§ **DATASET ENTRIES**
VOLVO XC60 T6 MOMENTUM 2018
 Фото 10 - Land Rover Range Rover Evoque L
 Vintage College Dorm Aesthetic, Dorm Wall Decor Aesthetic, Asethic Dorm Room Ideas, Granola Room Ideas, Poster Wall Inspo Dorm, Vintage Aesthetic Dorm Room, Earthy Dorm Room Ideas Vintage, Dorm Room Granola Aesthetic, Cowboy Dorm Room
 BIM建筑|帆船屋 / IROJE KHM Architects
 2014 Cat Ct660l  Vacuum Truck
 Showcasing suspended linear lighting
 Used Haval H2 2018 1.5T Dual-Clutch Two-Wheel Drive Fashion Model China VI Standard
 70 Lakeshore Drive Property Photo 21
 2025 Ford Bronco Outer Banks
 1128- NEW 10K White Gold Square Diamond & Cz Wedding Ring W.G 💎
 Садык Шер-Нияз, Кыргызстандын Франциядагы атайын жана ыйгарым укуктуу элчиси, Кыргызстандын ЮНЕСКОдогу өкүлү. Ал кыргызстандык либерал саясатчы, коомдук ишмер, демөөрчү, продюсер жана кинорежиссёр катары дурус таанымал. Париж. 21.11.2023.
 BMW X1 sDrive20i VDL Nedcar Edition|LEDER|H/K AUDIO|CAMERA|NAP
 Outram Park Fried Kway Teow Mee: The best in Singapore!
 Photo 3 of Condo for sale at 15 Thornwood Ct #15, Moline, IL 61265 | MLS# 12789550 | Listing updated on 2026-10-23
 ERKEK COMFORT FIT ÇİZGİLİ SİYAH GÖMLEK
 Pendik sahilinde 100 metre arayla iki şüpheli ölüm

§ **TASK DIRECTIONS**
Write out the material exactly as given.

§ **SOLUTION TO THE PROBLEM**
VOLVO XC60 T6 MOMENTUM 2018
 Фото 10 - Land Rover Range Rover Evoque L
 Vintage College Dorm Aesthetic, Dorm Wall Decor Aesthetic, Asethic Dorm Room Ideas, Granola Room Ideas, Poster Wall Inspo Dorm, Vintage Aesthetic Dorm Room, Earthy Dorm Room Ideas Vintage, Dorm Room Granola Aesthetic, Cowboy Dorm Room
 BIM建筑|帆船屋 / IROJE KHM Architects
 2014 Cat Ct660l  Vacuum Truck
 Showcasing suspended linear lighting
 Used Haval H2 2018 1.5T Dual-Clutch Two-Wheel Drive Fashion Model China VI Standard
 70 Lakeshore Drive Property Photo 21
 2025 Ford Bronco Outer Banks
 1128- NEW 10K White Gold Square Diamond & Cz Wedding Ring W.G 💎
 Садык Шер-Нияз, Кыргызстандын Франциядагы атайын жана ыйгарым укуктуу элчиси, Кыргызстандын ЮНЕСКОдогу өкүлү. Ал кыргызстандык либерал саясатчы, коомдук ишмер, демөөрчү, продюсер жана кинорежиссёр катары дурус таанымал. Париж. 21.11.2023.
 BMW X1 sDrive20i VDL Nedcar Edition|LEDER|H/K AUDIO|CAMERA|NAP
 Outram Park Fried Kway Teow Mee: The best in Singapore!
 Photo 3 of Condo for sale at 15 Thornwood Ct #15, Moline, IL 61265 | MLS# 12789550 | Listing updated on 2026-10-23
 ERKEK COMFORT FIT ÇİZGİLİ SİYAH GÖMLEK
 Pendik sahilinde 100 metre arayla iki şüpheli ölüm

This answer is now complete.